Electricity     I’m not sure how much electricity was in the actual town of Zorzor.  I was located in the teacher training institute outside of Zorzor in neighboring Fissebu.  Our electricity ran on a campus generator.  It was 5:00 AM to 7:00 AM. Those hours just didn’t fit my lifestyle at all!  In the evening, we had electricity from 7:00 PM to 11:00 PM.

Education     Lights would allow children more opportunities to read and the community wanted to encourage this.  Everyone saw the value of both academic and vocational education.  It didn’t matter if dad was a teacher or carpenter or if mom stayed home with the children, education could and would benefit their lives.

Water     It didn’t appear that any of the buildings on campus had running water.  The supply of fresh water came from community hand pumps across campus.  That’s the way life worked when I was in Zwedru, so long ago.  It’s one of the cha – cha – cha – changes that I would have loved to witness.  And, certainly since Ebola, everyone in Liberia knows the value of clean hands.

So, this was the information that was woven into the mural design.  The concepts were illustrated inside the letters that spelled Zorzor.  However, those letters aren’t obvious.  You will need to study the design a while to find the spelling.

I enjoy the mural experience all over the planet, but Africa is always special to me.  The day started with an African twist.  Paint needed to be shaken.  I gave the cans to my crew and asked my artists to shake them with an African dance.

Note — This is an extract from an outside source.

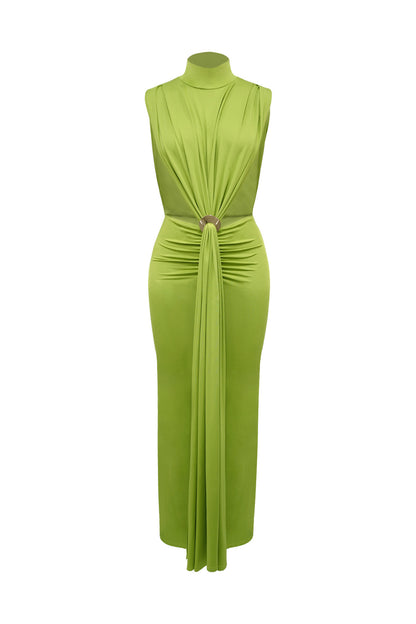 Mock Neck Cutout Ruched Maxi Dress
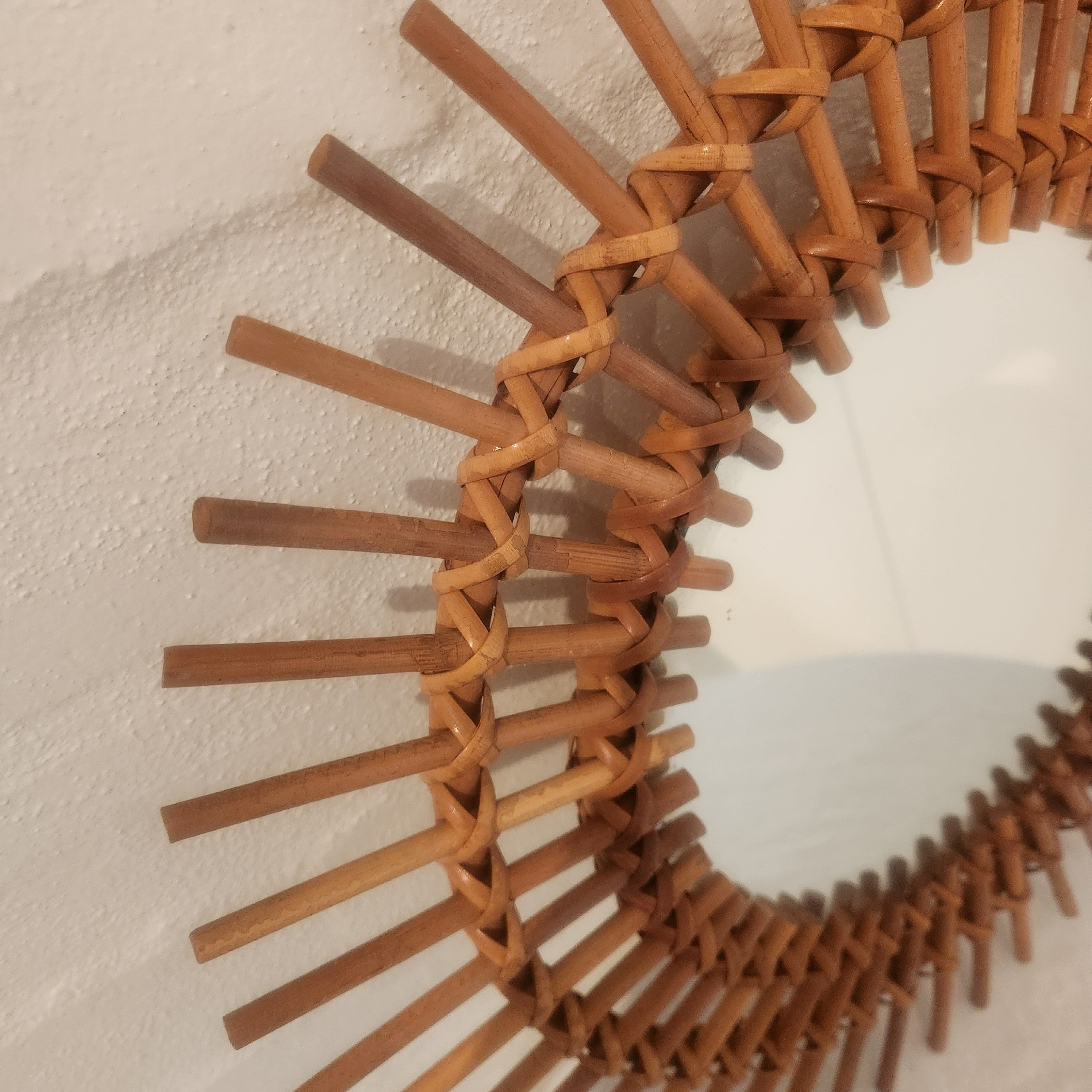 Vintage 1970’s Cane Starburst Mirror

I wish I could move the way they did.  And, they didn’t need any music to bust a groove.  But later in the day, there was also music.  I only remember one song in English, but it couldn’t have been a more perfect time to hear “We Are the World”.

The mural in Zorzor was faster and smoother than most projects.  And, there was a very good reason for this.  Zorzor had two professional sign painters in the town.  Both of them helped on the project.  I passed jobs along to them like gradual blending around the light bulb, the African shirt design, details on an unknown group of vegetables, and even some outlining.  I almost never find anyone who can outline to my satisfaction.  It sort of makes me the indispensable artist.  However, I wasn’t as indispensable on this project.  The extra help in Zorzor gave me a little extra time to explore my African environment.